OREGON STATE UNIVERSITY

OSU Statewide expansion changing look of grads

06/03/1999

CORVALLIS - As thousands of Oregon's college graduates march through their commencement ceremonies this month, an increasing number of them bear little resemblance to the traditional 24-year-old student finishing up their studies, finding their first full-time job and getting ready to start a career.

Now joining the ranks are older-than-average students, working adults changing careers, and dozens of graduates who achieved their educational goals despite the multiple obligations of jobs, families and mortgages - including some who may never have set foot on a college campus.

Leading that trend is the rapidly expanding OSU Statewide program at Oregon State University.

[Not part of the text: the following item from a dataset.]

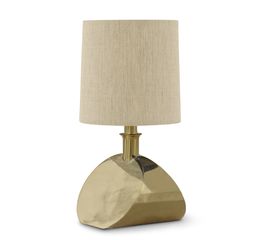 Настольная лампа Porta Romana Sway Lamp, фото 1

"Our student credit hours increased about 20 percent this year and we expect that same level of growth next year," said Sandra Woods, interim dean of distance and continuing education at OSU. "There's a whole new group of students we're serving now who are place and time-bound and simply never had access to higher education before. Now they do."

OSU Statewide is perhaps the most comprehensive and ambitious program of extended education offered anywhere in Oregon, using a variety of technologies and other tools to literally make a college degree possible in any corner of the state, and now working with more than 900 students.

The average age of its students is 36, not 21 or 22. It has expanded in the past three years to provide four different undergraduate degree options and can be used in more than 20 different undergraduate and graduate areas of study.

The quality, versatility and convenience of the program has led to a 48 percent growth of student credit hours in the past two years, Woods said, and officials expect that level to more than double in the next three years as more course offerings and programs are developed.

Reflecting that trend is Cliff Williams, 43, a Bend resident who will graduate summa cum laude this month with a 3.85 grade point average.

"I worked much of my career doing national television advertising sales for networks such as NBC and CBS," Williams said. "But I wanted something more self-fulfilling than just a paycheck. And for what I needed, the OSU Statewide program was fantastic. It was a tremendous experience."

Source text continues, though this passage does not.